*** Opening INFORMATION GIVEN ***

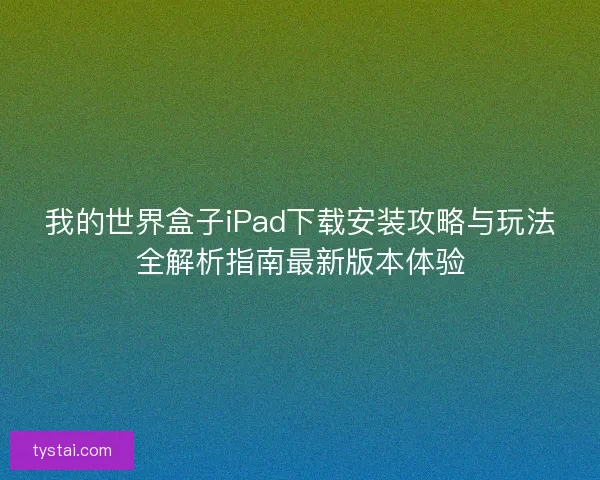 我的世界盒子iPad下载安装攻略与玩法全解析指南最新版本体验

*** Closing INFORMATION GIVEN ***
*** Opening INFORMATION GIVEN ***

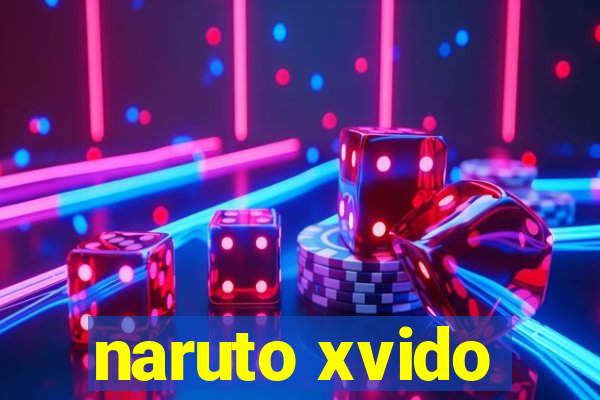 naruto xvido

*** Closing INFORMATION GIVEN ***
*** Opening INFORMATION GIVEN ***

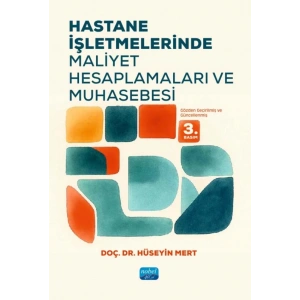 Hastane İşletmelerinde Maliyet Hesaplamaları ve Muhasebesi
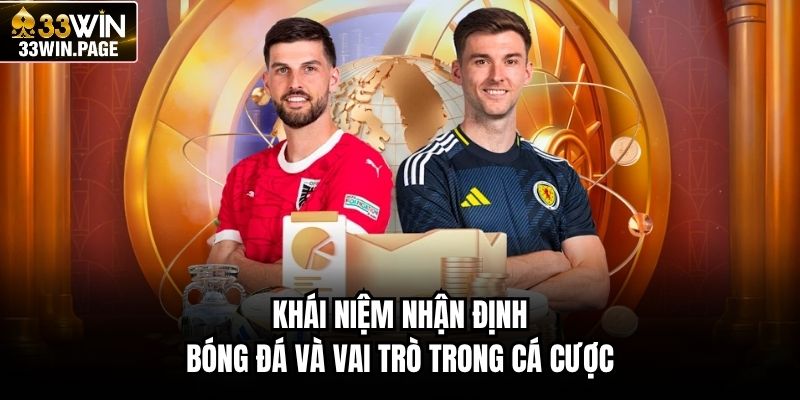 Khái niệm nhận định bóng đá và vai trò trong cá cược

*** Closing INFORMATION GIVEN ***

• **TO DO**:
Nothing but the lines from the one containing "Hastane İşletmelerinde Maliyet" through the one containing "Khái niệm nhận" should appear, copied exactly from the material above and without pictures.

• **RESPONSE BELOW**:
 Hastane İşletmelerinde Maliyet Hesaplamaları ve Muhasebesi
 Khái niệm nhận định bóng đá và vai trò trong cá cược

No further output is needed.